HOW TO COMPLETE THIS TASK: An identical copy of the data below is needed.
[Opening INFORMATION PROVIDED section]
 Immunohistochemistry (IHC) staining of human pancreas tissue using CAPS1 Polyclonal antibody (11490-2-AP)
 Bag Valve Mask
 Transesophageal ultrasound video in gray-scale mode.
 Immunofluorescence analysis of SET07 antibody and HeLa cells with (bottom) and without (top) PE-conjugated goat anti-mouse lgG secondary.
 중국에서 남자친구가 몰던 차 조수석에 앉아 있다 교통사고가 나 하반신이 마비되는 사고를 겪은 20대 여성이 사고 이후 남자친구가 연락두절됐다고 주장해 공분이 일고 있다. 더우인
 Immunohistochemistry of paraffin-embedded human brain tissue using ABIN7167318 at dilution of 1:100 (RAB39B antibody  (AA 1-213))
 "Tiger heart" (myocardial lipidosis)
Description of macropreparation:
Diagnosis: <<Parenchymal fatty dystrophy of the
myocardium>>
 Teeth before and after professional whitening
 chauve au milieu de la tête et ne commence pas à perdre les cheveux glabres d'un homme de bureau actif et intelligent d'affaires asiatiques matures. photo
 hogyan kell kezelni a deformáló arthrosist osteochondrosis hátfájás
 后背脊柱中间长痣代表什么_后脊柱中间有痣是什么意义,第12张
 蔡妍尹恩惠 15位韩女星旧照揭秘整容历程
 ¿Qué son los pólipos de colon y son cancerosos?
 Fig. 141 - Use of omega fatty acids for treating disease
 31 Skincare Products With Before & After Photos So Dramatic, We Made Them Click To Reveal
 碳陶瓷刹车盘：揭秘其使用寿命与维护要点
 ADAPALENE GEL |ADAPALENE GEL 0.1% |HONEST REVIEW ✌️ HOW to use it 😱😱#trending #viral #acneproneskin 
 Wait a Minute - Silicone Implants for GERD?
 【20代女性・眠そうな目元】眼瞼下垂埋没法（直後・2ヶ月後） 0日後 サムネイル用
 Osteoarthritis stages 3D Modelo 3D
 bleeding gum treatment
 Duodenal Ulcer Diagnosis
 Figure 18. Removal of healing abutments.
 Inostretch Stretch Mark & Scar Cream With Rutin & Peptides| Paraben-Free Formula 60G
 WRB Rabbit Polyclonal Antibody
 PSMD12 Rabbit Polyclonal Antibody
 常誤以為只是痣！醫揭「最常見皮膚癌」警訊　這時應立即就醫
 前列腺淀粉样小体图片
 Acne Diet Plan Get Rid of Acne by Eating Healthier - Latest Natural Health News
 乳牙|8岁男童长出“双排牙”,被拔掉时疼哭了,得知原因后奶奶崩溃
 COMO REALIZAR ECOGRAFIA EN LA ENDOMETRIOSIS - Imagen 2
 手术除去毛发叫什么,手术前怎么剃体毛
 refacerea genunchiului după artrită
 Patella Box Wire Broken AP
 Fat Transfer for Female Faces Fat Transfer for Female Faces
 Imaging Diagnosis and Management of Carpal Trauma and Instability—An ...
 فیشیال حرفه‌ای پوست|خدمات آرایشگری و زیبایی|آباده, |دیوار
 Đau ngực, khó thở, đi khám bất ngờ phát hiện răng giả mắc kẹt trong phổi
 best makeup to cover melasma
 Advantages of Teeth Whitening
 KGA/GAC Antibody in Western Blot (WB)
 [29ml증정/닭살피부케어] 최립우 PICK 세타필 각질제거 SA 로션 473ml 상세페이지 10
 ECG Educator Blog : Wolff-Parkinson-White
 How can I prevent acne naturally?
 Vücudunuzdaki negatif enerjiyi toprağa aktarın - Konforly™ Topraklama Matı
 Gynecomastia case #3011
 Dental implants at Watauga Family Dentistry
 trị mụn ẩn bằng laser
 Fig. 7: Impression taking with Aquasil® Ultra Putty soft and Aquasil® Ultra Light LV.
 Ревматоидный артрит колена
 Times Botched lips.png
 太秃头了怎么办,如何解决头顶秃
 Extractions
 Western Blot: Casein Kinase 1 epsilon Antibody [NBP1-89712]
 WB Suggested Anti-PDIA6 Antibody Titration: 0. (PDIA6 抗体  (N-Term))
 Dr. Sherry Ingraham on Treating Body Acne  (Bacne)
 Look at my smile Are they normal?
[Closing INFORMATION PROVIDED section]
EXERCISE SOLUTION:
 Immunohistochemistry (IHC) staining of human pancreas tissue using CAPS1 Polyclonal antibody (11490-2-AP)
 Bag Valve Mask
 Transesophageal ultrasound video in gray-scale mode.
 Immunofluorescence analysis of SET07 antibody and HeLa cells with (bottom) and without (top) PE-conjugated goat anti-mouse lgG secondary.
 중국에서 남자친구가 몰던 차 조수석에 앉아 있다 교통사고가 나 하반신이 마비되는 사고를 겪은 20대 여성이 사고 이후 남자친구가 연락두절됐다고 주장해 공분이 일고 있다. 더우인
 Immunohistochemistry of paraffin-embedded human brain tissue using ABIN7167318 at dilution of 1:100 (RAB39B antibody  (AA 1-213))
 "Tiger heart" (myocardial lipidosis)
Description of macropreparation:
Diagnosis: <<Parenchymal fatty dystrophy of the
myocardium>>
 Teeth before and after professional whitening
 chauve au milieu de la tête et ne commence pas à perdre les cheveux glabres d'un homme de bureau actif et intelligent d'affaires asiatiques matures. photo
 hogyan kell kezelni a deformáló arthrosist osteochondrosis hátfájás
 后背脊柱中间长痣代表什么_后脊柱中间有痣是什么意义,第12张
 蔡妍尹恩惠 15位韩女星旧照揭秘整容历程
 ¿Qué son los pólipos de colon y son cancerosos?
 Fig. 141 - Use of omega fatty acids for treating disease
 31 Skincare Products With Before & After Photos So Dramatic, We Made Them Click To Reveal
 碳陶瓷刹车盘：揭秘其使用寿命与维护要点
 ADAPALENE GEL |ADAPALENE GEL 0.1% |HONEST REVIEW ✌️ HOW to use it 😱😱#trending #viral #acneproneskin 
 Wait a Minute - Silicone Implants for GERD?
 【20代女性・眠そうな目元】眼瞼下垂埋没法（直後・2ヶ月後） 0日後 サムネイル用
 Osteoarthritis stages 3D Modelo 3D
 bleeding gum treatment
 Duodenal Ulcer Diagnosis
 Figure 18. Removal of healing abutments.
 Inostretch Stretch Mark & Scar Cream With Rutin & Peptides| Paraben-Free Formula 60G
 WRB Rabbit Polyclonal Antibody
 PSMD12 Rabbit Polyclonal Antibody
 常誤以為只是痣！醫揭「最常見皮膚癌」警訊　這時應立即就醫
 前列腺淀粉样小体图片
 Acne Diet Plan Get Rid of Acne by Eating Healthier - Latest Natural Health News
 乳牙|8岁男童长出“双排牙”,被拔掉时疼哭了,得知原因后奶奶崩溃
 COMO REALIZAR ECOGRAFIA EN LA ENDOMETRIOSIS - Imagen 2
 手术除去毛发叫什么,手术前怎么剃体毛
 refacerea genunchiului după artrită
 Patella Box Wire Broken AP
 Fat Transfer for Female Faces Fat Transfer for Female Faces
 Imaging Diagnosis and Management of Carpal Trauma and Instability—An ...
 فیشیال حرفه‌ای پوست|خدمات آرایشگری و زیبایی|آباده, |دیوار
 Đau ngực, khó thở, đi khám bất ngờ phát hiện răng giả mắc kẹt trong phổi
 best makeup to cover melasma
 Advantages of Teeth Whitening
 KGA/GAC Antibody in Western Blot (WB)
 [29ml증정/닭살피부케어] 최립우 PICK 세타필 각질제거 SA 로션 473ml 상세페이지 10
 ECG Educator Blog : Wolff-Parkinson-White
 How can I prevent acne naturally?
 Vücudunuzdaki negatif enerjiyi toprağa aktarın - Konforly™ Topraklama Matı
 Gynecomastia case #3011
 Dental implants at Watauga Family Dentistry
 trị mụn ẩn bằng laser
 Fig. 7: Impression taking with Aquasil® Ultra Putty soft and Aquasil® Ultra Light LV.
 Ревматоидный артрит колена
 Times Botched lips.png
 太秃头了怎么办,如何解决头顶秃
 Extractions
 Western Blot: Casein Kinase 1 epsilon Antibody [NBP1-89712]
 WB Suggested Anti-PDIA6 Antibody Titration: 0. (PDIA6 抗体  (N-Term))
 Dr. Sherry Ingraham on Treating Body Acne  (Bacne)
 Look at my smile Are they normal?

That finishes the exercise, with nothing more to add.